Note : I want My PC1 to have most of the bandwidth.


----------



## ico (Nov 10, 2010)

Does your router support QoS?


----------



## prateek007391 (Nov 10, 2010)

My Router is ZTE ZXDSL 831A11


----------



## ico (Nov 10, 2010)

oh I'm sorry. My router has the option of "Quality of Service" but it doesn't work as the way I thought. It works like this: 
*img530.imageshack.us/img530/1865/screenshot20101110at138.th.jpg
You could try finding a similar option in your router.

The best way to limit bandwidth to the users on LAN is by routing everything through a proxy like Squid.

A quick Google found me this: Bandwidth Limiting HOWTO


----------



## prateek007391 (Nov 10, 2010)

ico said:


> oh I'm sorry. My router has the option of "Quality of Service" but it doesn't work as the way I thought. It works like this:
> *img530.imageshack.us/img530/1865/screenshot20101110at138.th.jpg
> You could try finding a similar option in your router.
> 
> ...


As per the network map I provided I cannot use Proxy server to control bandwidth.

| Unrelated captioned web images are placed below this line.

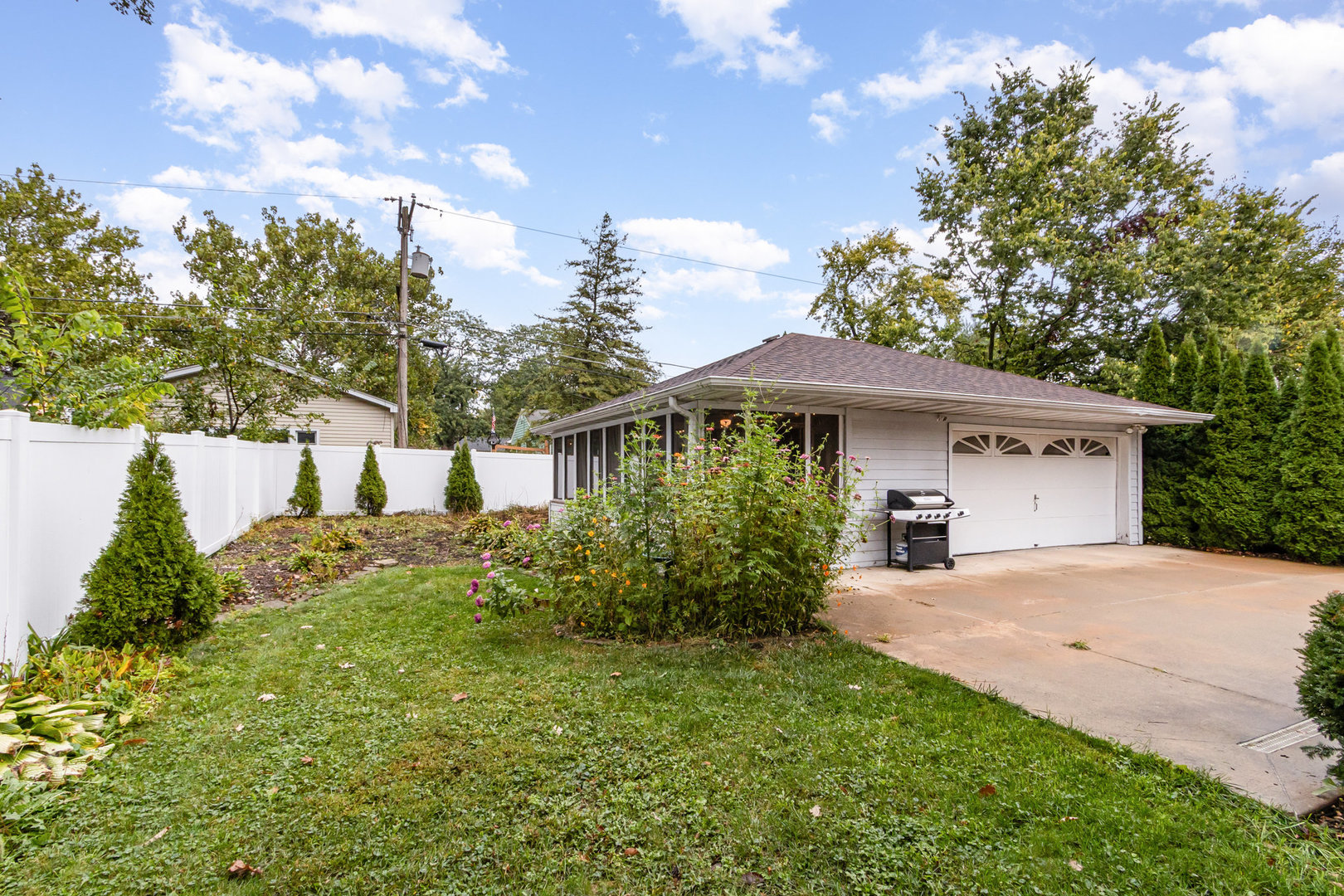 203 Fir Street, New Lenox, IL 60451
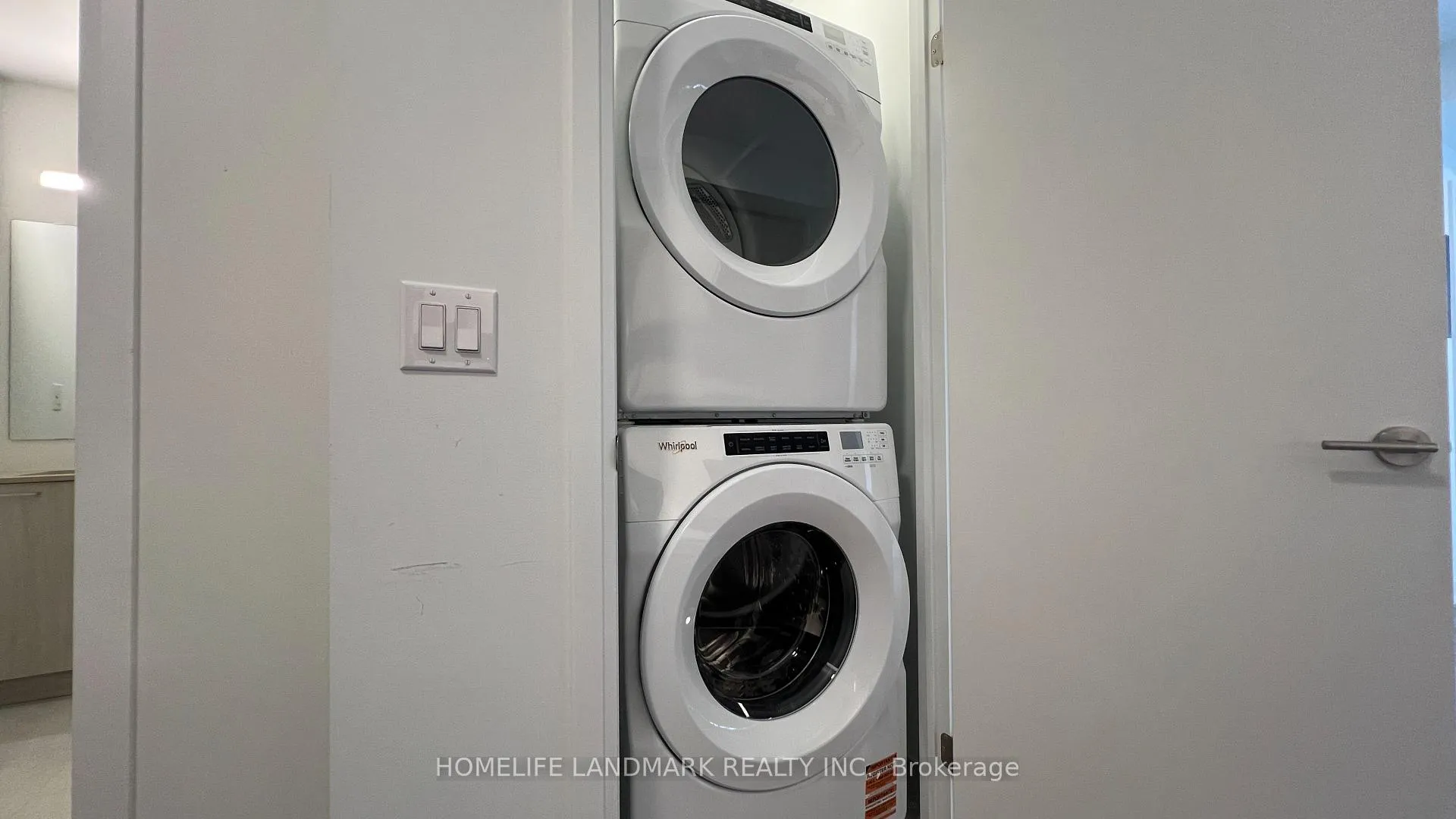 Photo 4 of Unit 206, 3250 Carding Mill Trail, Oakville, Glenorchy — HOMEH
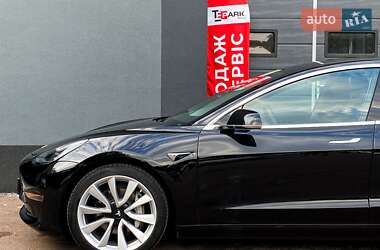 Седан Tesla Model 3 2020 в 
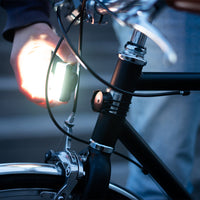 Instalación fácil de la luz magnética delantera Shapeheart, fijada a la horquilla para una iluminación eficaz durante sus trayectos nocturnos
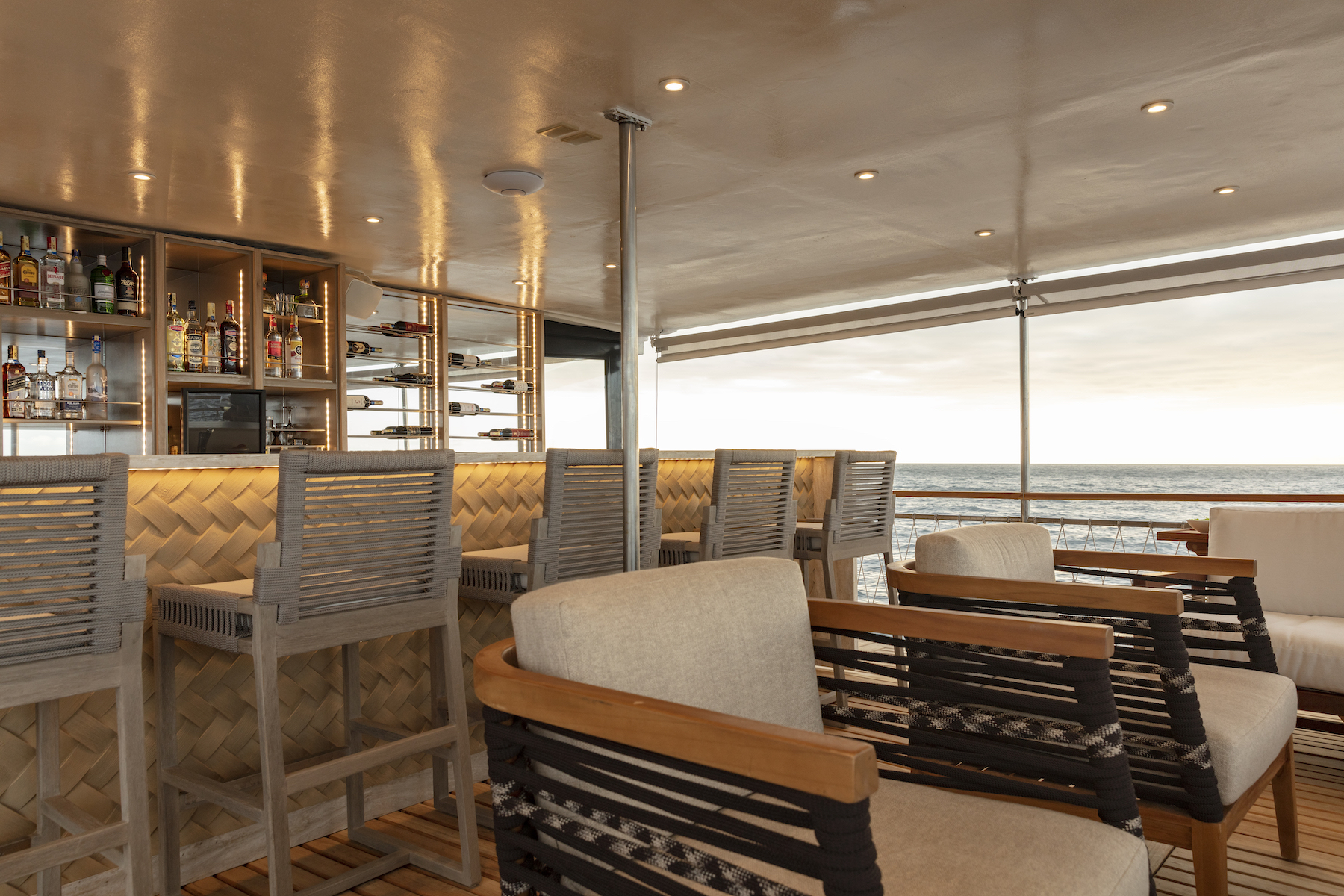 al fresco bar area.jpg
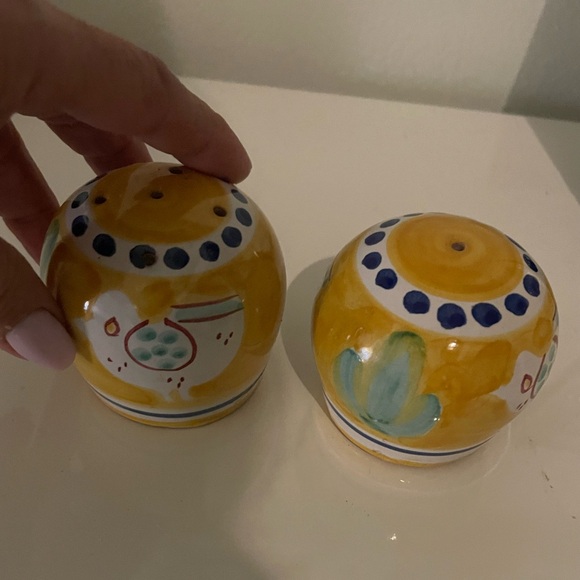 Viertri Solimene Salt & Pepper Set Yellow Chicken 2 3/4” H - Picture 6 of 9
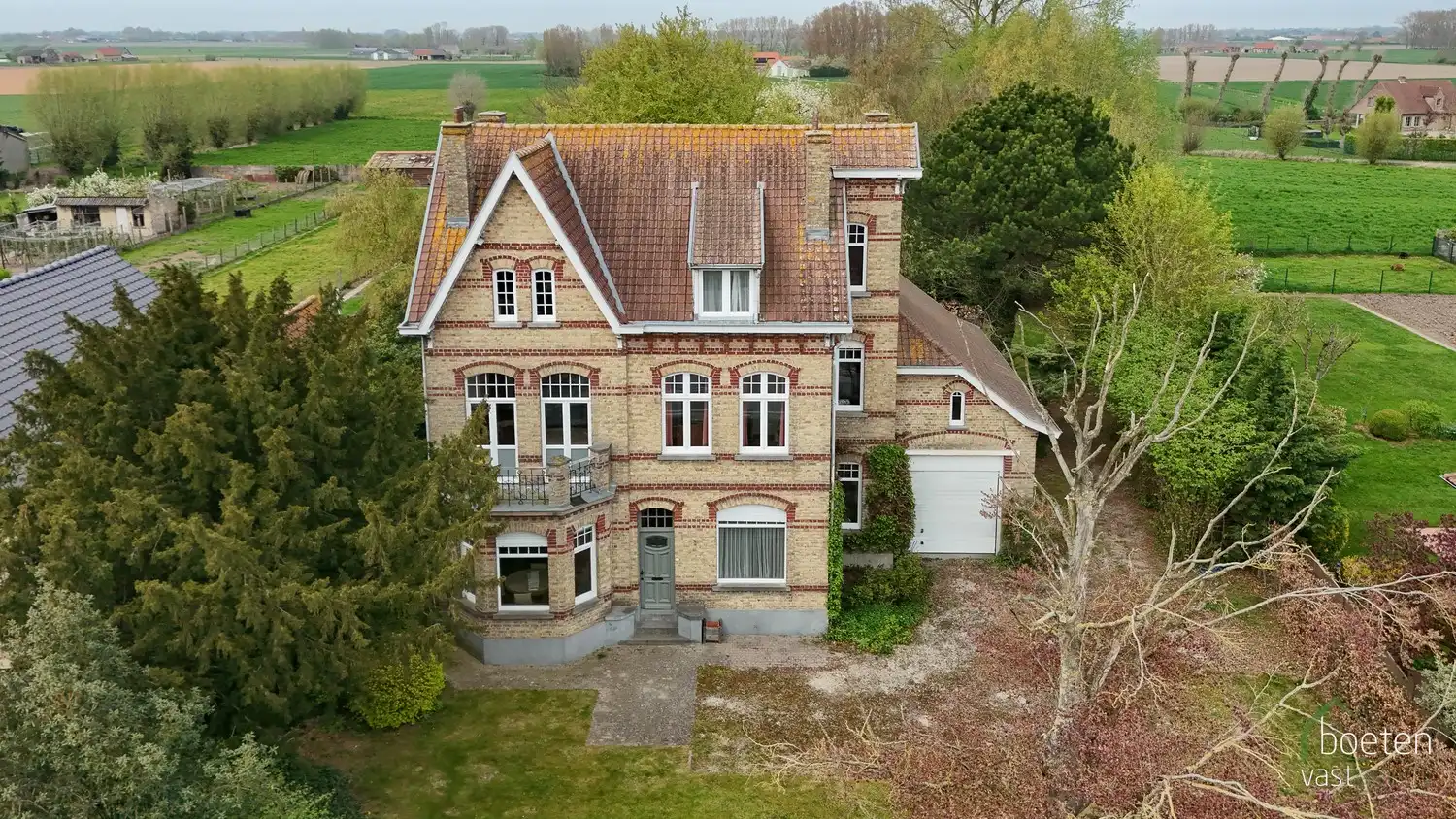 Hoofdfoto van de publicatie: ALVERINGEM: Karaktervolle herenwoning uit het interbellum (jaren 30) met authentieke geveldetails en een warm landelijk interieur op 3.253 m² totale grondopp.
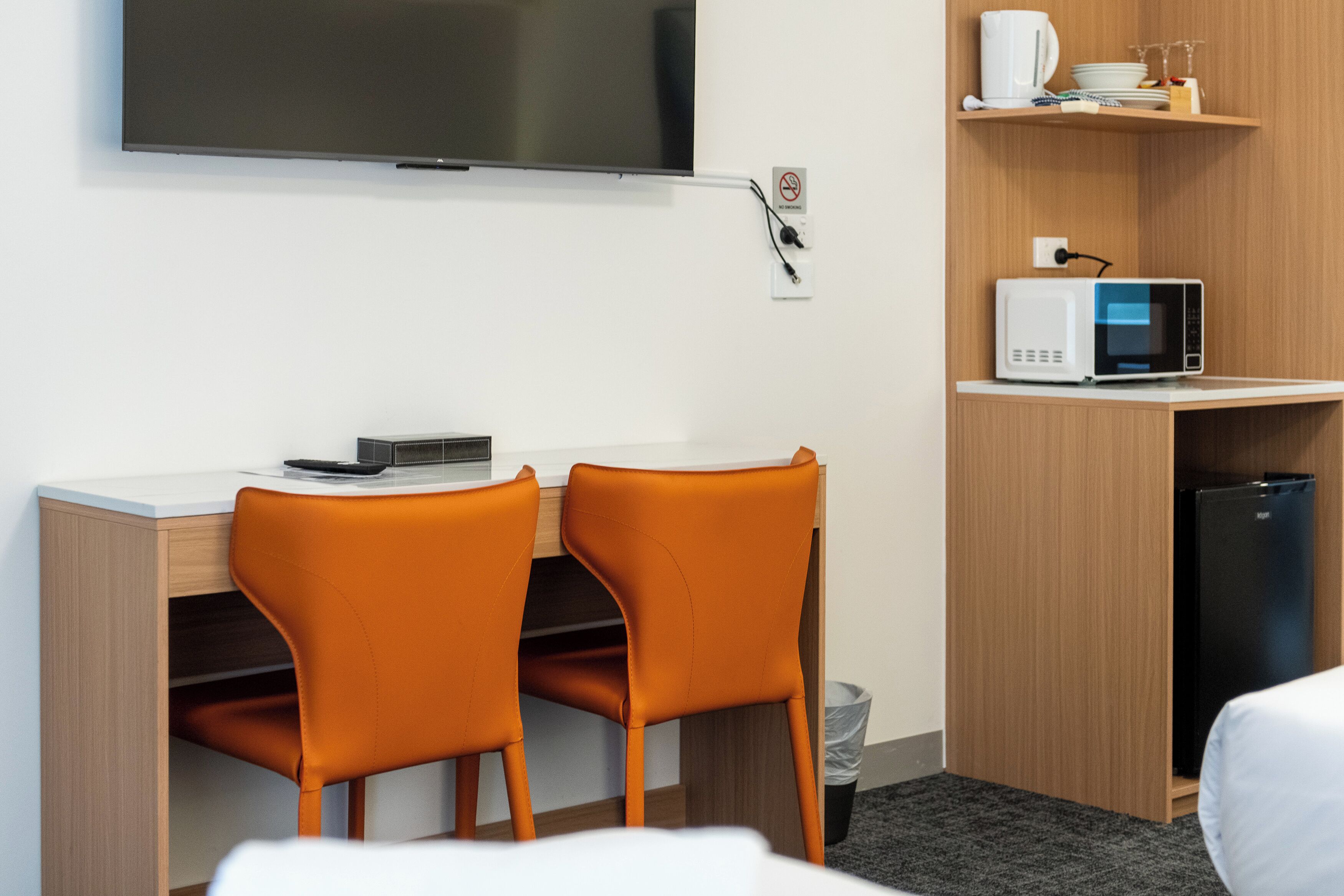 Tomannsrom – superior | Skrivebord og skrivebord for bærbar PC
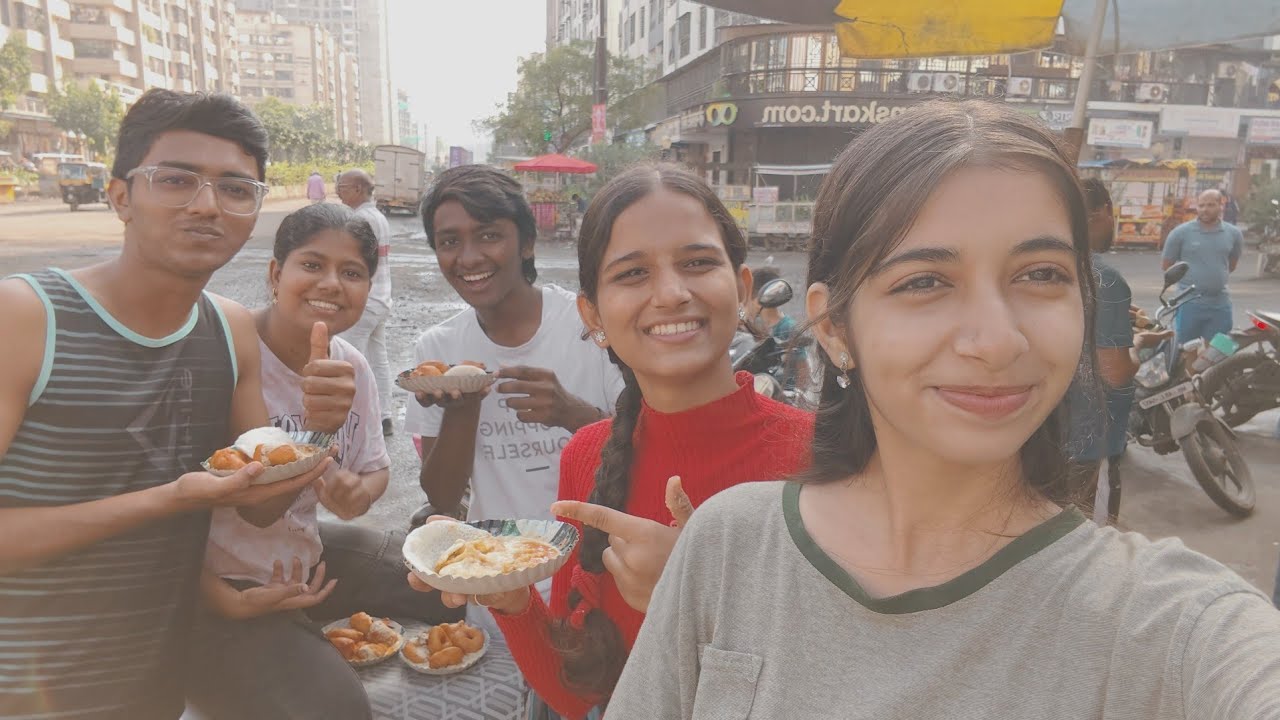 Aaj subha subha idli vada khaane aagaye😋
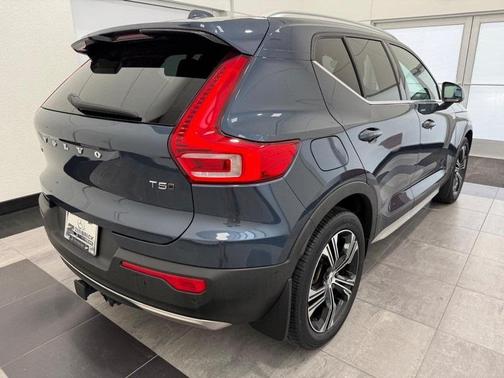 2021 Volvo XC40 T5 Inscription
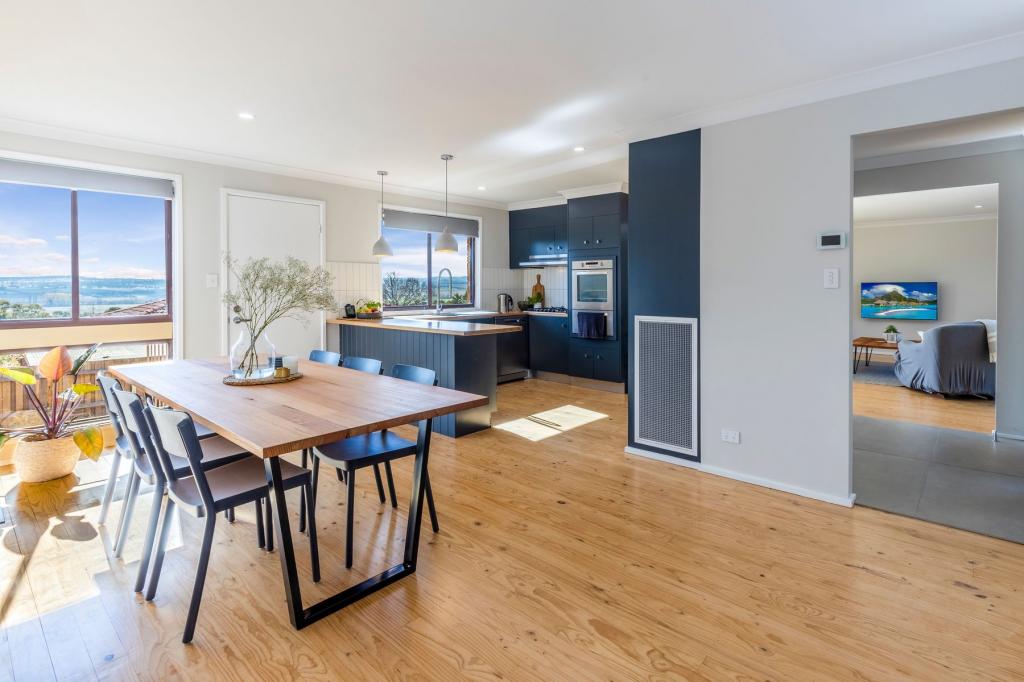 8 Parson Cl, West Bathurst, NSW 2795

If I make PC1 as main Proxy Server I need to keep it alive to make other work online, which is not possible mostly.


----------



## Gollum (Nov 10, 2010)

Try to limit the data transfer rate or connection speed of the lan cards of the other pc's. But i don't think this would work on slow speed of 512kbps.


----------



## khmadhu (Nov 10, 2010)

yes as Gollum  said you can achieve this by third party software..

but u dont have to limit bandwidth for the LAN card, this will slow down the LAN transfer also..  
instead search for the software that you can define separate bandwidth limit  for LAN(192.168.*.*) and WAN  (global IP).

this will work.. but i don't know the software which does this.. i am sure there are few softwares available..


----------



## prateek007391 (Nov 10, 2010)

Netlimiter is one of them, but I dont know how to configure it.


----------



## saliha (Nov 25, 2010)

Hi..

Bandwidth, data and speed are closely related terms and are sometimes used interchangeably. The amount of bandwidth that a computer  connection is allotted determines how much data can be downloaded per second, or transferred from the Internet to the computer. More bandwidth equals more data per second, which translates to more speed. In some cases a bandwidth limit refers to a speed limit, and in other cases it refers to a data limit...


----------